Of all the hazards drivers confront on America’s roadways each day, perhaps none are as preventable as the accidents that occur from distracted driving and driving under the influence. Each year, several thousand Americans die due to distractions that take their attention away from the road.
How Bad is the Problem?
Distracted driving is no minor concern. In fact, it affects the lives of thousands of Americans each and every year. A look at some key statistics tell the tale:
- According to the NHTSA, distracted driving claimed the lives of 3,477 people in 2015 alone.
- In 2015 391,000 people were injured by distracted driving.
- An estimated 660,000 drivers use electronic devices while driving during the day.
Is Anybody Doing Anything About It?
Statistics have consistently shown that roughly 25% of all crashes in Texas are in some way related to distraction. The good news is that efforts to reduce distracted driving have been underway for some time now. Texas just recently passed a bill that will make it illegal to text and drive and goes into effect starting this September.
Those specific device-related bans do not cover all forms of potential distractions, of course. To deter those other forms of activities, states usually rely on more general traffic laws to coerce drivers into behaving responsibly. There are also driving statutes that generally prohibit drivers from engaging in any activities that are not central to the operation of their motor vehicles, or which could be reasonably expected to impair that operation.
What Can You Do?
For the most part, individual efforts to avoid distracted driving tend to focus on what most people would consider “common sense” solutions.

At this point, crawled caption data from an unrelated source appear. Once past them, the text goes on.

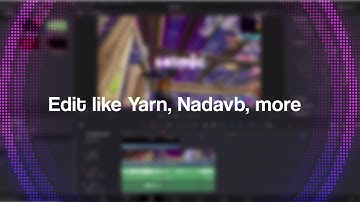 DaVinci Resolve Tutorial: How To Edit Like Yarn, NadavB, Numby, More (Mitr0, Snap, Miro)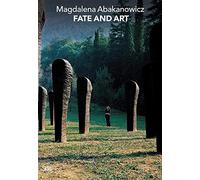 Magdalena Abakanowicz : Fate and art. Monologue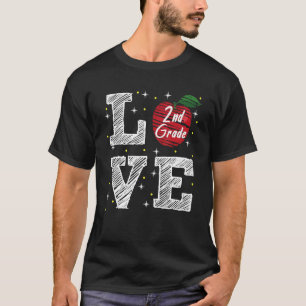 Love second Grade Back To School 2nd grade teacher T-Shirt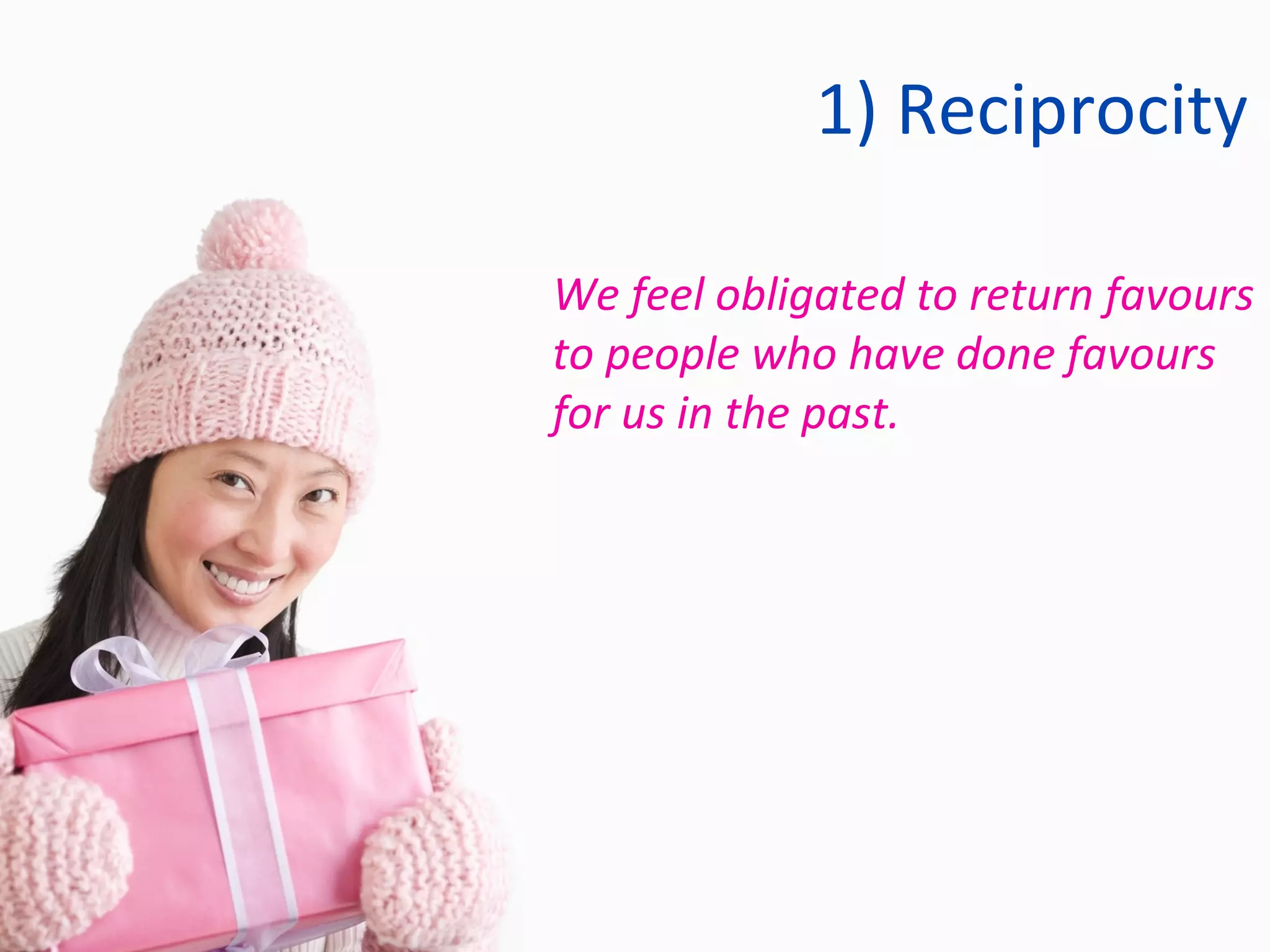 1) Reciprocity We feel obligated to return favours to people who have done favours for us in the past. 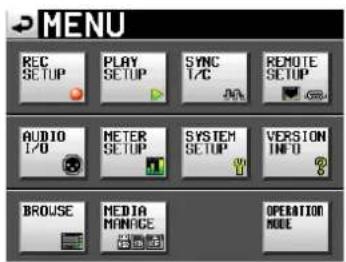 MENU REC SETUP PLAY SETUP SYNC I/C 40% REMOTE SETUP AUDIO I/O METER SETUP SYSTEM SETUP VERSION INFO BROUSE MEDIA MINICE OPERATION MODE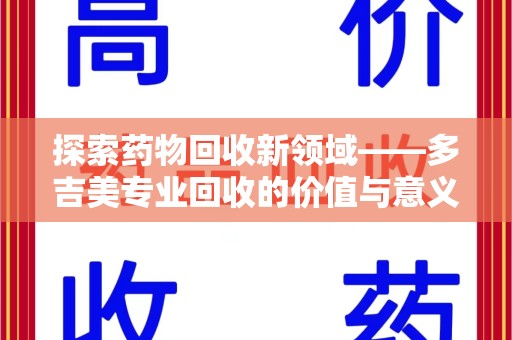 贵阳探索药物回收新领域——多吉美专业回收的价值与意义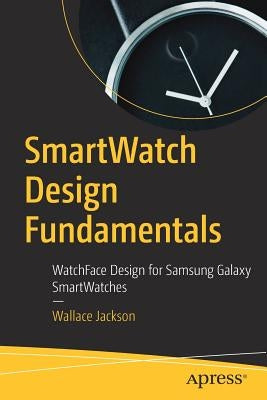 Smartwatch Design Fundamentals: Watchface Design for Samsung Galaxy Smartwatches by Jackson, Wallace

Still, it is not enough to understand the things that you should do while driving; it is quite another to actually act on that information.
Distraction can be a danger to everyone who takes to the road, but it is a danger that is eminently preventable. By being aware of the risks and taking active steps to limit the distractions that impede your concentration, you can do your part to reduce the dangers of distracted and drunk driving and make the roads safer for all who use them.